Principaux renseignements

  • L’UE prévoit d’imposer des restrictions d’âge progressives et des mesures de protection en ligne plus strictes pour les mineurs.
  • Les développeurs de technologies doivent assumer la responsabilité première de concevoir des produits intrinsèquement sûrs.
  • Des réglementations urgentes visent les fonctionnalités addictives telles que le défilement infini afin de protéger la santé mentale des jeunes.

Ursula von der Leyen, présidente de la Commission européenne, a plaidé en faveur de mesures de protection en ligne plus rigoureuses pour les mineurs, citant les conclusions du groupe d’experts spécial sur la sécurité des enfants en ligne comme base des futures réglementations de l’UE. Elle a indiqué que la Commission avait l’intention de soumettre des propositions législatives aux États membres après la pause estivale.

Propositions de restrictions d’âge

La présidente de la Commission européenne s’est déclarée favorable à la mise en place d’un âge minimum pour l’accès aux réseaux sociaux, proposant un système différencié en fonction de l’âge de l’enfant. Plus précisément, elle a estimé que les arguments les plus convaincants plaidaient en faveur d’une interdiction totale de l’accès aux écrans numériques pour les tout-petits et d’une utilisation des réseaux sociaux par les moins de 13 ans strictement encadrée par un adulte et limitée dans le temps.

Soulignant que ces plateformes ne sont pas des jouets, von der Leyen a averti que permettre aux géants de la technologie d’accéder sans restriction aux enfants entraînerait une augmentation de la dépendance et de la détresse psychologique chez les jeunes.

Lutter contre la crise numérique chez les jeunes

Des études mettent en évidence une tendance préoccupante, soulignant que les adolescents passent quatre à six heures par jour sur des appareils numériques, près de 60 pour cent des jeunes utilisateurs étant confrontés à des difficultés psychosociales ou émotionnelles en ligne.
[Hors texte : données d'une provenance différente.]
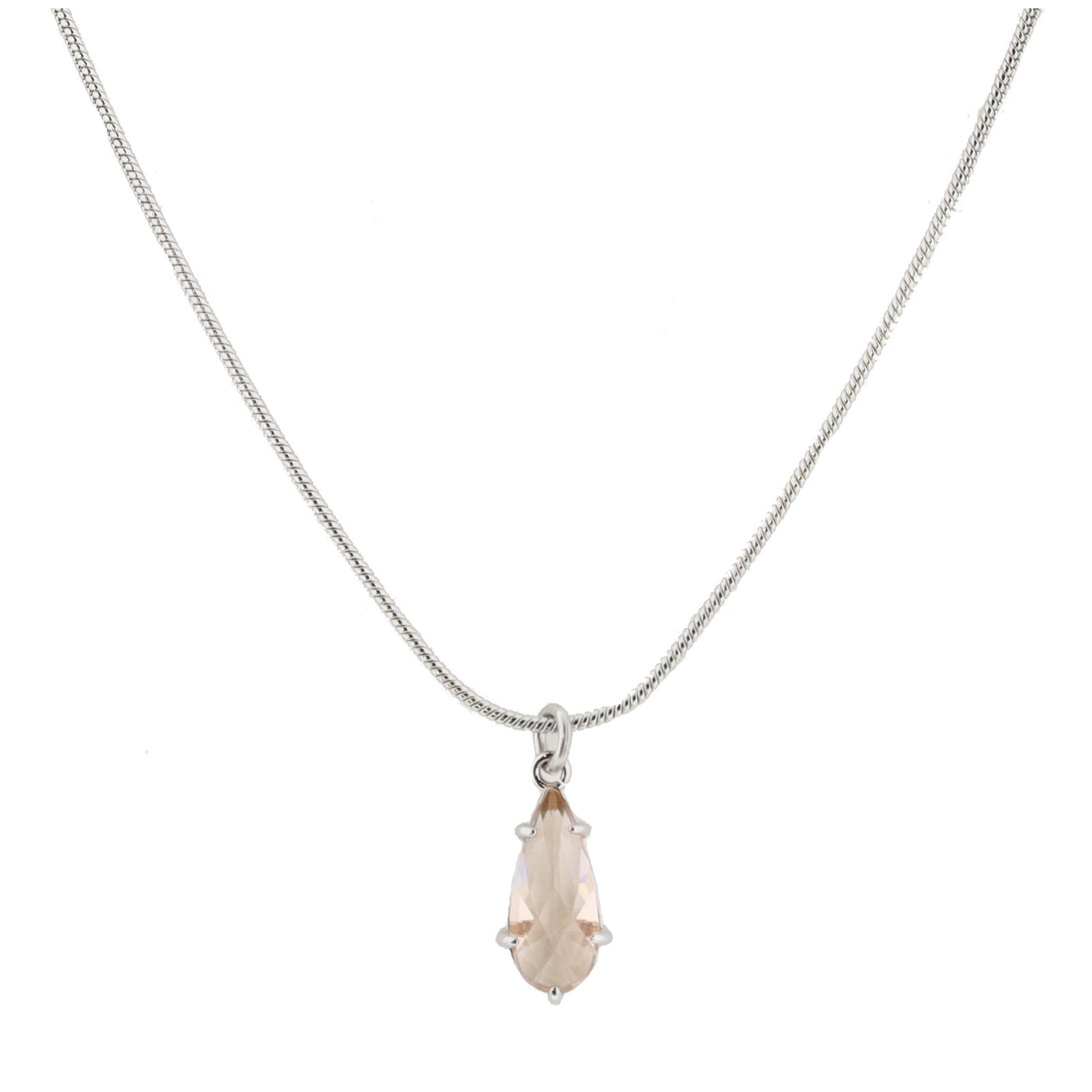 Silver Petite Snake Chain with Champagne Crystal Teardrop Necklace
Pour y remédier, la présidente de la Commission soutient le déploiement à grande échelle d’outils de vérification de l’âge, précisant que l’objectif est de réglementer quand et comment les plateformes s’adressent aux enfants, plutôt que d’interdire totalement la technologie.

Transfert de responsabilité aux développeurs de technologies

Von der Leyen a en outre affirmé que la charge de la sécurité devait incomber aux développeurs plutôt qu’aux familles. Comparant le paysage numérique à l’industrie automobile, elle a fait valoir que, tout comme les constructeurs automobiles sont tenus de garantir la sécurité des véhicules grâce à des airbags et des ceintures de sécurité, les entreprises technologiques doivent s’acquitter de leur « devoir de diligence » en concevant des produits intrinsèquement sûrs.

Avertissements des experts concernant les fonctionnalités addictives

Les experts ayant contribué au rapport, notamment le Dr Maria Melcior et le professeur Jörg Fegert, ont reconnu que si la technologie offre d’énormes avantages, les risques sont tout aussi importants. Le rapport a spécifiquement mis en garde contre les services « réseaux sociaux+ » — ceux qui utilisent des fonctionnalités addictives telles que la lecture automatique et le défilement infini — et a recommandé une limite d’âge standardisée à 13 ans au niveau de l’UE pour ces plateformes.

En conclusion de son intervention, von der Leyen a souligné l’urgence de la situation, précisant que la Commission devait agir rapidement car la période de l’enfance est irremplaçable.